Father’s Day is a time to celebrate the fathers or father figures in our lives. Fathers play an essential role in a child’s life and positively influence our society.
Children learn through modeling behavior. Both men and women are vital to children’s emotional, social, and intellectual growth because males and females communicate, think, feel, react, respond, perceive, love, need, and appreciate differently.
Traditionally fathers have been the breadwinner, disciplinarians, and authority figures. But societal roles and boundaries have significantly shifted over the years. Today’s father has developed past the traditional model. What hasn’t changed is the role of being a dad and how dads affect and shape children.
Presently, dads are significantly involved in parenting in a more direct, intimate, and present way. In fact, a present and involved father is key to better outcomes on nearly every measure of child’s wellbeing. According to Psychology Today, “Fathers are not just helpers for mothers but are important to children in their own right. For example, children with sensitive and supportive fathers have higher levels of social competence and better peer relationships. Children whose fathers provide them with learning materials and speak with them frequently perform better in school and have more advanced language skills.”
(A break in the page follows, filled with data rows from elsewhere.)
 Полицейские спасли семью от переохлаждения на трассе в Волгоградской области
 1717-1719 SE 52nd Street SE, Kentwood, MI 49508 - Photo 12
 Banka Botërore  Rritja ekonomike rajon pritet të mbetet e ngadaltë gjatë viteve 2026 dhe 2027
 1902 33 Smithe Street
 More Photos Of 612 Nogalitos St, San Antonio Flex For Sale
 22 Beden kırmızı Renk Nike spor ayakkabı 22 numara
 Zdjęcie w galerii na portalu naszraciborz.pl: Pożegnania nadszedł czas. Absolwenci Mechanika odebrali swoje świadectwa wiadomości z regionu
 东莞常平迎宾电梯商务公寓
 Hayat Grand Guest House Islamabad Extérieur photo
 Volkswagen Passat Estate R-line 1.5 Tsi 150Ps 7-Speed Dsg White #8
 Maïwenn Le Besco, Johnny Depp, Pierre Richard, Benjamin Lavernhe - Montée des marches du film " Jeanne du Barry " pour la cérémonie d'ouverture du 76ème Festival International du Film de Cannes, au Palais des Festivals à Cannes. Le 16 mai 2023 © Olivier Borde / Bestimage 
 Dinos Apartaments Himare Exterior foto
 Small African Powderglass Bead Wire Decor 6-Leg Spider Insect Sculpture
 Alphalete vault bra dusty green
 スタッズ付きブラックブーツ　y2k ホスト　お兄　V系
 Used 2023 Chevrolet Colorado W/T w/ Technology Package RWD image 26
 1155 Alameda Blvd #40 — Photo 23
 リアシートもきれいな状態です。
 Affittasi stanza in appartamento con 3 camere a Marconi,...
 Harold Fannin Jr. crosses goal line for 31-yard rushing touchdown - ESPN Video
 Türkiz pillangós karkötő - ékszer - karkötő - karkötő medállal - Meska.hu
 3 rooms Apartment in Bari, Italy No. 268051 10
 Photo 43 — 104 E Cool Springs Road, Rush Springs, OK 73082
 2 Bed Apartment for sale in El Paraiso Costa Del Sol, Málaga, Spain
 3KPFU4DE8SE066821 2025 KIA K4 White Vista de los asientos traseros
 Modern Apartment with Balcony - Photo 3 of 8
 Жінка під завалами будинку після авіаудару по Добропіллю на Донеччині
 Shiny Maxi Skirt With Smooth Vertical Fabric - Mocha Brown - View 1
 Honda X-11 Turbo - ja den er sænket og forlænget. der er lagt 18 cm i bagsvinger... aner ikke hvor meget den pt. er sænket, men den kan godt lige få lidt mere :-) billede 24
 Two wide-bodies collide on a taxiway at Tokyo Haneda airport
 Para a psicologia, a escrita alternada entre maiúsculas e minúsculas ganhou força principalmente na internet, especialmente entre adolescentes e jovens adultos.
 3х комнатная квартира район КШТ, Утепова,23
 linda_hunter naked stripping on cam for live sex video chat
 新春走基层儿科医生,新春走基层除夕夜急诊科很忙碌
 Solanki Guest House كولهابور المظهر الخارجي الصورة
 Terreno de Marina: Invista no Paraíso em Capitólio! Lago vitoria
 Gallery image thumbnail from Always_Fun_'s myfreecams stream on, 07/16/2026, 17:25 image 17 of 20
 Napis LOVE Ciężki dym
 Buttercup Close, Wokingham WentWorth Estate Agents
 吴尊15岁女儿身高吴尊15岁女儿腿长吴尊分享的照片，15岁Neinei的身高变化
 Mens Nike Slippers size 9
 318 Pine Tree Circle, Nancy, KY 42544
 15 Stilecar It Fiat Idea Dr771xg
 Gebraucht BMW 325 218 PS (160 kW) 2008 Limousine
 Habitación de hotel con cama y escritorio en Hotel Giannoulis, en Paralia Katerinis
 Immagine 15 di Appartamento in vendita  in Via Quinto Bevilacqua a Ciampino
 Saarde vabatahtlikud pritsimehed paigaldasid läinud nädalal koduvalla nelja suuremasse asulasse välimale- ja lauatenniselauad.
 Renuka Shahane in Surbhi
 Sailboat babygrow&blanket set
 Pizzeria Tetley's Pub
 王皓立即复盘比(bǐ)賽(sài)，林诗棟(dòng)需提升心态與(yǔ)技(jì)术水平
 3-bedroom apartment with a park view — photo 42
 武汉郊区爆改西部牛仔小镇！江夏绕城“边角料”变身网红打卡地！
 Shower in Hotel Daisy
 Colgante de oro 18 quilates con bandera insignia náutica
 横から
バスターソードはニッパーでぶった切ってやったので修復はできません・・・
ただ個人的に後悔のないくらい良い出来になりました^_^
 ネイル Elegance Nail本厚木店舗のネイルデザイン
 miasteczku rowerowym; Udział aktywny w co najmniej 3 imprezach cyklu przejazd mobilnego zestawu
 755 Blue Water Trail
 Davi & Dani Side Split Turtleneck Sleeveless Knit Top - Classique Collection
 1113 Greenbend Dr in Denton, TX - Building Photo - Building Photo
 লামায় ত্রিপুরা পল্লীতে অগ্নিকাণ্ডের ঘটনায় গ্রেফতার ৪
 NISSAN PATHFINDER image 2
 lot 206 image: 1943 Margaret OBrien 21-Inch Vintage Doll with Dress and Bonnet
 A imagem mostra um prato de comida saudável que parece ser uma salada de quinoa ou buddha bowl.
For my son, it is critical for me that my husband is involved in all parts of his life. He is a role model for him – showing my son what it truly means to be a well-rounded man and member of our society.
Fathers and father figures must truly lead by example. They must attend the soccer games and dance recitals, take the time out of their day to sit and help with homework, or listen to their children’s frustrations from school. According to research from the University of Wisconsin-Madison, “In numerous studies, positive father involvement is associated with children’s higher academic achievement; greater school readiness; stronger math and verbal skills; greater emotional security; higher self-esteem; fewer behavioral problems; and greater social competence than found among children who do not have caring, involved fathers.”
My son and my daughters are constantly watching how my husband treats others and they use that as a standard for their own lives. He is the measure by which they establish healthy male relationships. Children are always watching their parents, which is why what a father says and does matters.
Parents and parent figures must also raise their sons to understand their own worth and importance as a part of the family unit. Sons who take this responsibility seriously grow up to become good fathers. This expectation must be set at a young age, along with the standards we expect from our sons, which give them something to aspire to.
I urge everyone this Father’s Day to recognize the father and father figures in their lives with the gift of time, love, and appreciation. Be present, talk, and listen. Take the time to tell your dad or father figure just how much you appreciate his love and commitment to you over the years and how much you’ve learned from him. Let him know how much of a difference he’s made in your life.
And for those fathers who have fallen short, it is never too late to become the father you aspire to be or need to be for your children.
Happy Father’s Day to my dad, father-in-law, and husband.